To get these to load in knitr code chunks, the script water-eda.r
saves the cleaned data in a file called water-eda-stuff.RData
. I’m going to focus on three quantities: volume traded (megaliters per month), trade volume (number of trades per month), and price per megaliter (Australian dollars).
Three things I see here:
- More trading of entitlements and allocations inside the MDB than outside, both in terms of volumes of water traded as well as number of trades.
- Allocation trading inside the MDB has been increasing faster than allocation trading outside the MDB, while entitlement trading in both regions seem to follow similar trends.

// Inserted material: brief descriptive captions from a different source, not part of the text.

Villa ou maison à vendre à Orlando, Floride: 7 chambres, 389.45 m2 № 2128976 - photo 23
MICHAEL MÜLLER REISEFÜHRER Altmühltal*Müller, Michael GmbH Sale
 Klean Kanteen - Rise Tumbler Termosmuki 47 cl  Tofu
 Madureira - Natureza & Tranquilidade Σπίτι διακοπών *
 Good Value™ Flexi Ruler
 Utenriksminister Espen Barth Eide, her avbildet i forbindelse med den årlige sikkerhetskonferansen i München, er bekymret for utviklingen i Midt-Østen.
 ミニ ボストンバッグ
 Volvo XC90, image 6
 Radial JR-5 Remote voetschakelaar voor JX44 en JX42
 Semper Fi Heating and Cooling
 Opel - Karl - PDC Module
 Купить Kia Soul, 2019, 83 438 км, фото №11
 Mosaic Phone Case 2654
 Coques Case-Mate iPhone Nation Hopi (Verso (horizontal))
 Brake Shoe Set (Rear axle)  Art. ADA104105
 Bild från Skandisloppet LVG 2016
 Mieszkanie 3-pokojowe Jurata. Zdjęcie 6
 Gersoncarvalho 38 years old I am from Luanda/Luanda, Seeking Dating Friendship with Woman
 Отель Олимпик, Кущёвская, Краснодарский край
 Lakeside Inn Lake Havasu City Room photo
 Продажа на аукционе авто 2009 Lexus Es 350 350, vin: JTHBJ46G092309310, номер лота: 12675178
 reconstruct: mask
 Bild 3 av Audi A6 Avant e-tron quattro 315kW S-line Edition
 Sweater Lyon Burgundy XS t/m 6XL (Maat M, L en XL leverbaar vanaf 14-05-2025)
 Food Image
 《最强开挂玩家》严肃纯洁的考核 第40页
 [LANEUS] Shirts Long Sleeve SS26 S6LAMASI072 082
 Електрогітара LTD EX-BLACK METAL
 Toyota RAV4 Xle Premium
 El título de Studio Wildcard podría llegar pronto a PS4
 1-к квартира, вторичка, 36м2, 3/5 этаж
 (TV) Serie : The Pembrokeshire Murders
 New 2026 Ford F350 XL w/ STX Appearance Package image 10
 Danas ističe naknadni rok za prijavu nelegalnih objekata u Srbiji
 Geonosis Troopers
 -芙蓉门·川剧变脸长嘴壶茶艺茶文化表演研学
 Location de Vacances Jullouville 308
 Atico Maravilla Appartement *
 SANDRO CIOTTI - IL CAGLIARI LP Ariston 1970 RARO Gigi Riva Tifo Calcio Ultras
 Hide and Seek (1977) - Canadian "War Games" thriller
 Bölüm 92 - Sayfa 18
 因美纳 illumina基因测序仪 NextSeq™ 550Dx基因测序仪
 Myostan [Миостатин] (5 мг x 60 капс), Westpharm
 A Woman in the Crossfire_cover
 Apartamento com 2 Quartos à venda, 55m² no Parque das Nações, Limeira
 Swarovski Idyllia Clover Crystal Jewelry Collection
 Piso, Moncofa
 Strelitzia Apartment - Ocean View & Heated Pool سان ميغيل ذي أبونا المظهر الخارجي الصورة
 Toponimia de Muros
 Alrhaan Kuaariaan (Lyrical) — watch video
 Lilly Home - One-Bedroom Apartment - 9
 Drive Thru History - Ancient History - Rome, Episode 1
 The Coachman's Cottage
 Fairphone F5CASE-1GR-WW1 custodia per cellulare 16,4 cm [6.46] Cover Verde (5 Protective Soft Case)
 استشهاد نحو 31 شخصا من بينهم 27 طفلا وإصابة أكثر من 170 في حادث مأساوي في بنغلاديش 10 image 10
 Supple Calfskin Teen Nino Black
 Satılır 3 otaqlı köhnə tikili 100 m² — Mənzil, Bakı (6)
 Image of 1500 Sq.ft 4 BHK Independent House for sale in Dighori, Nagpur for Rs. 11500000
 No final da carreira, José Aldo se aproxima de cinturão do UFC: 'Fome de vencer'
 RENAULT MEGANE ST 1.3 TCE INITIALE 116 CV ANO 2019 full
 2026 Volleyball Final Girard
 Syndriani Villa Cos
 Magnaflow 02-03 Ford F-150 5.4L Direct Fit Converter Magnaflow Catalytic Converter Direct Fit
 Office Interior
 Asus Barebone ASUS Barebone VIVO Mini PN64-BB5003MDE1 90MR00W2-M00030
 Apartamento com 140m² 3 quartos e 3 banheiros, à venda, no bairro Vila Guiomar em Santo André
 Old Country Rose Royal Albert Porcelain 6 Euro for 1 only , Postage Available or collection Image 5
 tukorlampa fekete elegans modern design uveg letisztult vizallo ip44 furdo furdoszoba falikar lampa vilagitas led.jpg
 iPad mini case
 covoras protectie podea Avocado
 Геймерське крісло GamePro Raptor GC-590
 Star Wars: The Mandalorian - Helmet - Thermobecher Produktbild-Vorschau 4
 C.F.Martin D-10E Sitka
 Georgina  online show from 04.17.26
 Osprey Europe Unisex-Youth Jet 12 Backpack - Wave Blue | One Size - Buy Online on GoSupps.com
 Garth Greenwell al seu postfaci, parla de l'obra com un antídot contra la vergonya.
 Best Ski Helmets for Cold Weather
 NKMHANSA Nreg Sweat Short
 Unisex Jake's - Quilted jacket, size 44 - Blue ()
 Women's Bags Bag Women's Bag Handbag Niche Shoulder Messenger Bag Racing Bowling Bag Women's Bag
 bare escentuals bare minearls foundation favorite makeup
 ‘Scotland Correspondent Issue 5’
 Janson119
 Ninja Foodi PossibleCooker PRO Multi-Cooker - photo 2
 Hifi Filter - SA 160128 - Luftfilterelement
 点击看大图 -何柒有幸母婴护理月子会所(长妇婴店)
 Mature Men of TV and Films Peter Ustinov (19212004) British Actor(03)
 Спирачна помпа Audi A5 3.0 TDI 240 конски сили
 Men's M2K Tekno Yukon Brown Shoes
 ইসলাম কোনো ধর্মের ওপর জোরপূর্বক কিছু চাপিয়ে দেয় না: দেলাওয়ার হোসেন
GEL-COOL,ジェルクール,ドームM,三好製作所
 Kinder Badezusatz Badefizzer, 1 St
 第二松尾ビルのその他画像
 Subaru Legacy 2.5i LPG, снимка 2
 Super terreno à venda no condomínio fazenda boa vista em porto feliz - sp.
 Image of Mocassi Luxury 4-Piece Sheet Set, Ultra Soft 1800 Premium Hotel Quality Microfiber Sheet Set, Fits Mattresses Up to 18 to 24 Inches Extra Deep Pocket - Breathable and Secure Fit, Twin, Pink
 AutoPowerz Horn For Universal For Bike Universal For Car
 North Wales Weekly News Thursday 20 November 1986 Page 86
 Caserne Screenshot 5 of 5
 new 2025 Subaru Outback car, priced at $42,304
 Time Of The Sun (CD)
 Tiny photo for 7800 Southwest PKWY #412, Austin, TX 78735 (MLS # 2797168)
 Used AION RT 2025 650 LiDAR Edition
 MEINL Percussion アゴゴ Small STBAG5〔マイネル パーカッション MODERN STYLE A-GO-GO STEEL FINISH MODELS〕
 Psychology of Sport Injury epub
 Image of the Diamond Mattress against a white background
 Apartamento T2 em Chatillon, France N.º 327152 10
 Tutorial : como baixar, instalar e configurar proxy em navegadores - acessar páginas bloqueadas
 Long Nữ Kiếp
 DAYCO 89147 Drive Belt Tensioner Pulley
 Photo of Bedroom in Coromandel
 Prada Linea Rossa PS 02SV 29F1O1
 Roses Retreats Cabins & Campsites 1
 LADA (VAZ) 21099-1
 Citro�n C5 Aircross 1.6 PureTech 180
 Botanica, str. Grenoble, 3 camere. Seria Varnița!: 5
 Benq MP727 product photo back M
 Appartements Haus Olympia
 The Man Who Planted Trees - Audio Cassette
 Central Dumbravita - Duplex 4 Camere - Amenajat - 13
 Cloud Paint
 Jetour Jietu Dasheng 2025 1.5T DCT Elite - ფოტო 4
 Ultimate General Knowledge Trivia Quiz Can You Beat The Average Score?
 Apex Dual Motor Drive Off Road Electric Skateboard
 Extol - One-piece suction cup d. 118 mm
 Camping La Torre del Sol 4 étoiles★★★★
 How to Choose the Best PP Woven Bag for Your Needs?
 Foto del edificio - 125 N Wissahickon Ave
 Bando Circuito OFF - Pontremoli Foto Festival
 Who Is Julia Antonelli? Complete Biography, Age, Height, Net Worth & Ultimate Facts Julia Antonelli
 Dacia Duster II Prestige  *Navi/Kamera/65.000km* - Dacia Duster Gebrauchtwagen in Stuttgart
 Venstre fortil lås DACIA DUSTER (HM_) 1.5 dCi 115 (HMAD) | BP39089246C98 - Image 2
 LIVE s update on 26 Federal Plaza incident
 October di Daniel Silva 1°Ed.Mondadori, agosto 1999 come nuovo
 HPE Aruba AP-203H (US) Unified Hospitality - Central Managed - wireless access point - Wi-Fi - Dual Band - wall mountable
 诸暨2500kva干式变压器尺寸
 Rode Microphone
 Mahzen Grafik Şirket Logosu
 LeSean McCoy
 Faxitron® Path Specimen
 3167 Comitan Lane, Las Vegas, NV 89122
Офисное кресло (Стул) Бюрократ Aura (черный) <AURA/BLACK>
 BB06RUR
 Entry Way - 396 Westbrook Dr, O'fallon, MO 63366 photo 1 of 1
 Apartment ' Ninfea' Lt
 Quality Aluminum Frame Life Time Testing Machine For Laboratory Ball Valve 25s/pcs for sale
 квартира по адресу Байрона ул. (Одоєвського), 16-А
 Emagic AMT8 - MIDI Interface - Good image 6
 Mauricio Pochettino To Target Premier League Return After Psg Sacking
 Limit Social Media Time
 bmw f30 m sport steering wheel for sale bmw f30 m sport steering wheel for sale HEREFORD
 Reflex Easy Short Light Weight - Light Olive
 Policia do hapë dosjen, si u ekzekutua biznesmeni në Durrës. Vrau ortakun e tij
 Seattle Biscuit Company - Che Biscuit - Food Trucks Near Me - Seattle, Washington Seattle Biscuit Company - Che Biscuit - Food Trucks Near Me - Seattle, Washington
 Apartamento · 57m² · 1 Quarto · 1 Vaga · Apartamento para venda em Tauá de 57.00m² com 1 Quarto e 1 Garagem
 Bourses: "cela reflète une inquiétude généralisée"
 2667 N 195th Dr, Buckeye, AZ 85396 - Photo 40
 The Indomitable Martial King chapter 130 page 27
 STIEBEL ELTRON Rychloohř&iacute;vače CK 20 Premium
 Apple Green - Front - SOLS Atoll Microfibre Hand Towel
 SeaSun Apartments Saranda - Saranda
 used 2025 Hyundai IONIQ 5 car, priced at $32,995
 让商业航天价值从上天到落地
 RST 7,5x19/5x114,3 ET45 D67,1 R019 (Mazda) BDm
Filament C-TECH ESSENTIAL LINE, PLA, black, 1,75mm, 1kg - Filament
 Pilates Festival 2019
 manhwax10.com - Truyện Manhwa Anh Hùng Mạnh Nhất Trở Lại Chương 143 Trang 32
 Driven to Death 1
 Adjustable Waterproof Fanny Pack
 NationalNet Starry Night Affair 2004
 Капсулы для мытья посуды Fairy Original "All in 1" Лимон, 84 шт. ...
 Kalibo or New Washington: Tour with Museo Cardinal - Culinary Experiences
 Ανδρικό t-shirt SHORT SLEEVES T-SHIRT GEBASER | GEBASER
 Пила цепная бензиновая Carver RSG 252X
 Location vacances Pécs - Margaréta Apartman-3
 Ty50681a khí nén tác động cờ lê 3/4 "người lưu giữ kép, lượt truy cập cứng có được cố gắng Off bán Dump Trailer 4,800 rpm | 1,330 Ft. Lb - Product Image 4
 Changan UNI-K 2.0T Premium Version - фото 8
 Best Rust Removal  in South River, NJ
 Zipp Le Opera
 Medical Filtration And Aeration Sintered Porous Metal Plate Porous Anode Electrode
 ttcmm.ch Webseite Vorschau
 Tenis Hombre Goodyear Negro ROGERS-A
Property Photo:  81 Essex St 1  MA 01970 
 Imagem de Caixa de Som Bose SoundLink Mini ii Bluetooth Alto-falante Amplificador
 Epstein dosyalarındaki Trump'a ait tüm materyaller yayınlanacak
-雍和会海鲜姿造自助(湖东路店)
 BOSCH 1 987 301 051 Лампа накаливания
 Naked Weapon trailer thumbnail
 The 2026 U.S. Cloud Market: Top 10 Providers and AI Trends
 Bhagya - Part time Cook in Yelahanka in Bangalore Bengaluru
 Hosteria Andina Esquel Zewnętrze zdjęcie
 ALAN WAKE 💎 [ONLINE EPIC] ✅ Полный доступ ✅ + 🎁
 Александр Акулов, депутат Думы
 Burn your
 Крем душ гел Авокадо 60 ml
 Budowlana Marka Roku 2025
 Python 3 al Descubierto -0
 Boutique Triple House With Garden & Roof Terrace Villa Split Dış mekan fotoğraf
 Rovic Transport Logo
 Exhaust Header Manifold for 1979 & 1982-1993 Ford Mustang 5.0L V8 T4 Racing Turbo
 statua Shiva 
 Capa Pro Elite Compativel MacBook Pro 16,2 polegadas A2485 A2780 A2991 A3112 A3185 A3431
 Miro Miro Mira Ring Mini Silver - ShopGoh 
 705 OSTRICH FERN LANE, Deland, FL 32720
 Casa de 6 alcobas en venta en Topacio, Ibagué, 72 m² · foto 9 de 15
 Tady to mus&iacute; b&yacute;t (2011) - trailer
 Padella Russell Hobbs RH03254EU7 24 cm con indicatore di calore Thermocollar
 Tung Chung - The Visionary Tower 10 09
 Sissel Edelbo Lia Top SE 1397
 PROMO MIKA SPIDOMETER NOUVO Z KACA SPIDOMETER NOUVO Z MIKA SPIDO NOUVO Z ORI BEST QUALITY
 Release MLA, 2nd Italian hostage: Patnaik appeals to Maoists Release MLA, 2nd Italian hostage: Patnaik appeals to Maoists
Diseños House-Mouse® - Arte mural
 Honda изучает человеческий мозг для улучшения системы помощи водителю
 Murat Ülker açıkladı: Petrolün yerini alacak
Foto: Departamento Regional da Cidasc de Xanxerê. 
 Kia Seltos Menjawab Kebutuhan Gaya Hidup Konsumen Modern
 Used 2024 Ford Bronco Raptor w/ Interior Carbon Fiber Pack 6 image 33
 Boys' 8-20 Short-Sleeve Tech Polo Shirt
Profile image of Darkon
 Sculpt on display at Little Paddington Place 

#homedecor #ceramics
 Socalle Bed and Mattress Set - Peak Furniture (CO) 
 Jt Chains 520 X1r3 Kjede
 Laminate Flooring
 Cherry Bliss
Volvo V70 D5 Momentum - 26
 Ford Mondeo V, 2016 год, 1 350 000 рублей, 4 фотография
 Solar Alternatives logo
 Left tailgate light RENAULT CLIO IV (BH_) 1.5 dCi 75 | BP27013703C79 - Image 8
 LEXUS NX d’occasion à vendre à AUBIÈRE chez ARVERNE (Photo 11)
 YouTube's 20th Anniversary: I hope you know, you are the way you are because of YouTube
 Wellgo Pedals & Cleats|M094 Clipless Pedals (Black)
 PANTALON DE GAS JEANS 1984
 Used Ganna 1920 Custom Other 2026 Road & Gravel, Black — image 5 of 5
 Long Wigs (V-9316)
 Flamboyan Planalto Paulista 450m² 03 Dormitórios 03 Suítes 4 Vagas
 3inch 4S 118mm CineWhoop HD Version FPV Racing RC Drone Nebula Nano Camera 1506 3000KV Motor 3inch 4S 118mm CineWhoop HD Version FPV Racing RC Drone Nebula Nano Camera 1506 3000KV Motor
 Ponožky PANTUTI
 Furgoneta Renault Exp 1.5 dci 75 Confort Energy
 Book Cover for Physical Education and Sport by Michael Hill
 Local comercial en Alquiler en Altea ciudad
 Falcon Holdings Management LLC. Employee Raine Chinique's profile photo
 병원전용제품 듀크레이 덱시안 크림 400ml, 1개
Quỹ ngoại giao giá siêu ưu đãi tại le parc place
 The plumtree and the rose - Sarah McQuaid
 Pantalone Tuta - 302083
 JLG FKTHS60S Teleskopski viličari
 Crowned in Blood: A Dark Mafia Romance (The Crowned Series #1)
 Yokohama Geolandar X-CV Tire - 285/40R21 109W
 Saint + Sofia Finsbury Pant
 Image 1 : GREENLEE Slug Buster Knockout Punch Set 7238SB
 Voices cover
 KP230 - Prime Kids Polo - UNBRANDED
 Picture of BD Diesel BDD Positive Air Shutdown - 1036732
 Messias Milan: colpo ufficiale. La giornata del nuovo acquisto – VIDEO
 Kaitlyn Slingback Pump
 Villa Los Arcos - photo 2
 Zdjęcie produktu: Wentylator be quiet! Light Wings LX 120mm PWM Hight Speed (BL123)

- Average monthly prices per megaliter seem about the same inside or outside the MDB. Entitlement prices seem to have been going up over time.
This makes sense; the Murray-Darling Basin accounts for most of Australia’s water use, so I expected to see more activity inside the MDB than outside. 4 states sit inside the MDB: New South Wales, Victoria, Queensland, and South Australia. New South Wales and Victoria have the most area inside the Basin, so we might expect the action in the Basin to be driven by those two. Let’s take a look:
(Northern Territory seems to be missing from my data. Might be a coding error on my part.)
- It looks like the increase in volume traded and trade volume for the allocations is driven by Victoria and New South Wales, with New South Wales having some bigger months in terms of both amount traded and frequency of trades.
- Overall prices per megaliter seem fairly flat, with the exception of entitlements in New South Wales, which seem to be increasing.
- Not a lot of trades with positive prices in Queensland, I don’t think any in Tasmania.
I’ll look at more cuts of this data in a future post.